TASK DETAILS:
When you reach the line that holds "ai generado un", start copying exactly and keep going through the final line of the data, leaving out pictures.

DATASET CONTENT Start Marker

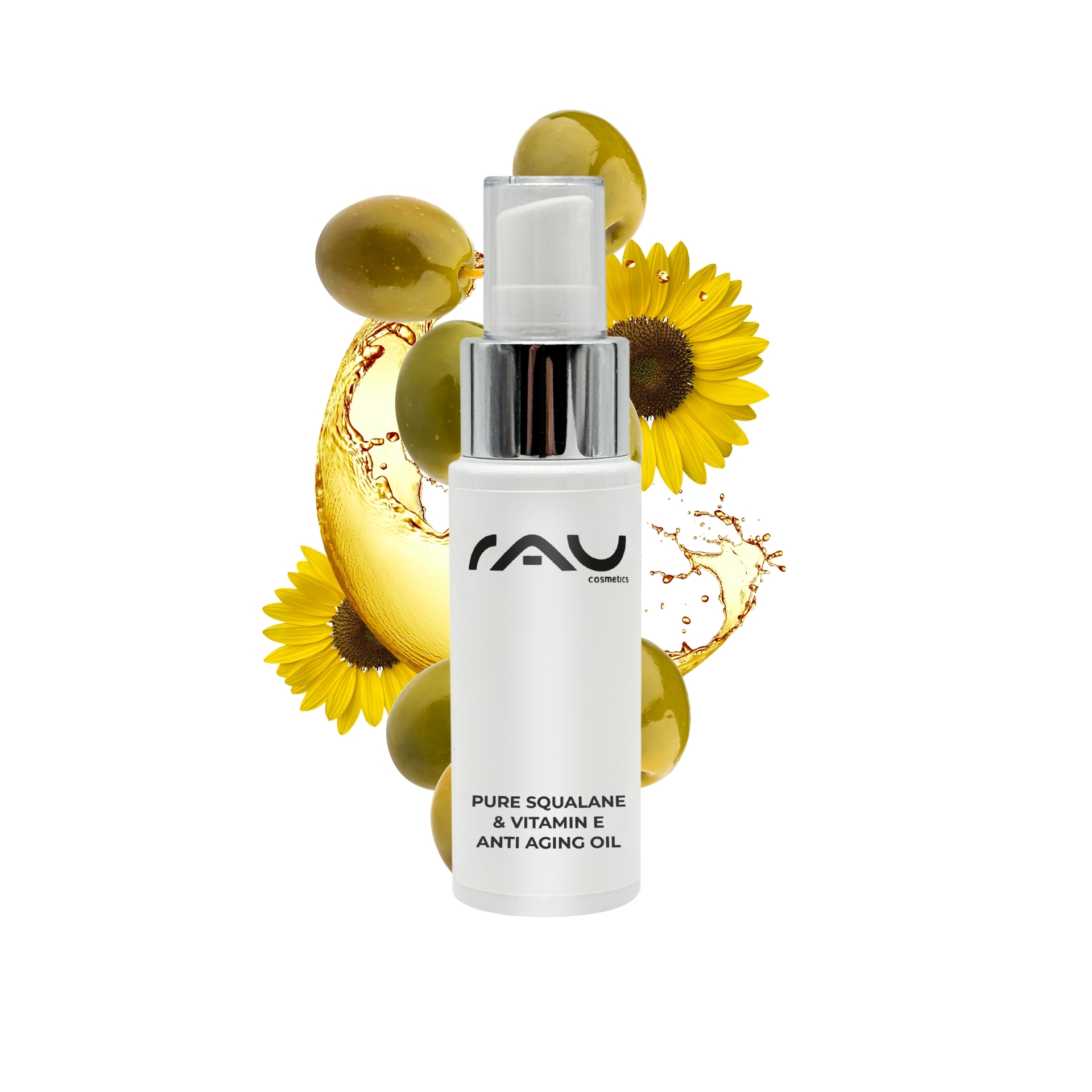 Puro olio antietà allo squalano e vitamina E 50 ml - Anti-età e idratante Flasche mit RAU Pure Squalane & Vitamin E Anti-Aging Öl vor einem Hintergrund aus Sonnenblumen und Oliven, betont die feuchtigkeitsspendenden und antioxidativen Eigenschaften des Produkts für trockene und reife Haut.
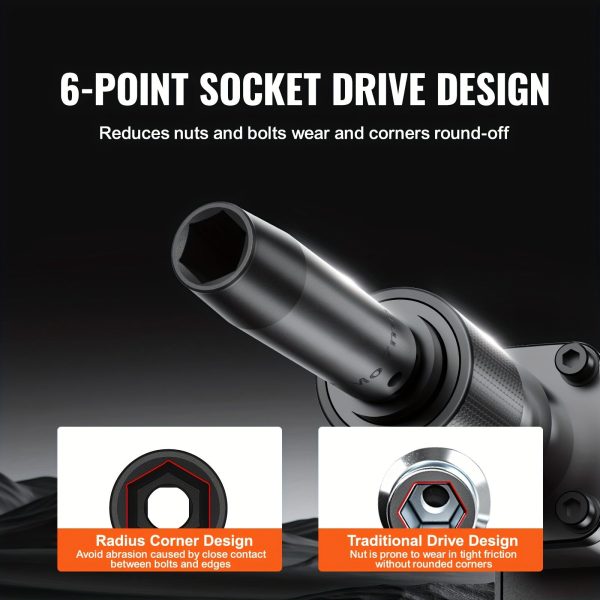 1/2" Drive Impact Socket Set, 65 Piece Socket Set SAE 3/8" To 1-1/4" And Metric 10-24mm, 6 Point Cr-V Alloy Steel For Auto Repair, Rugged Construction, Easy-to-Read Size Markings, Storage Case - Image 3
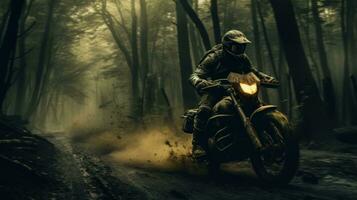 ai generado un hombre en un motocicleta paseos mediante el bosque, foto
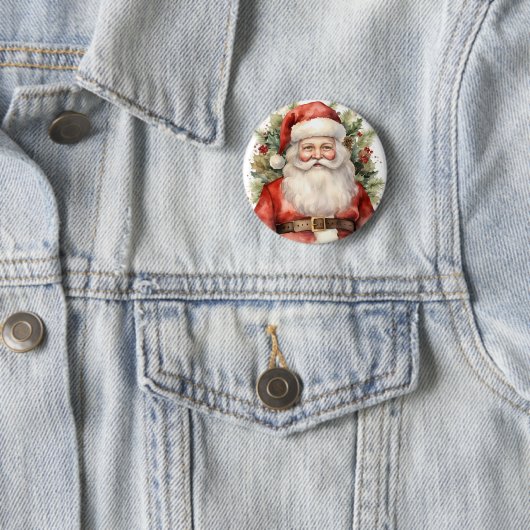 ヴィンテージ クリスマス サンタクロース 微笑み 缶バッジ (インサイチュ)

DATASET CONTENT End Marker

YOUR SOLUTION:
 ai generado un hombre en un motocicleta paseos mediante el bosque, foto
 ヴィンテージ クリスマス サンタクロース 微笑み 缶バッジ (インサイチュ)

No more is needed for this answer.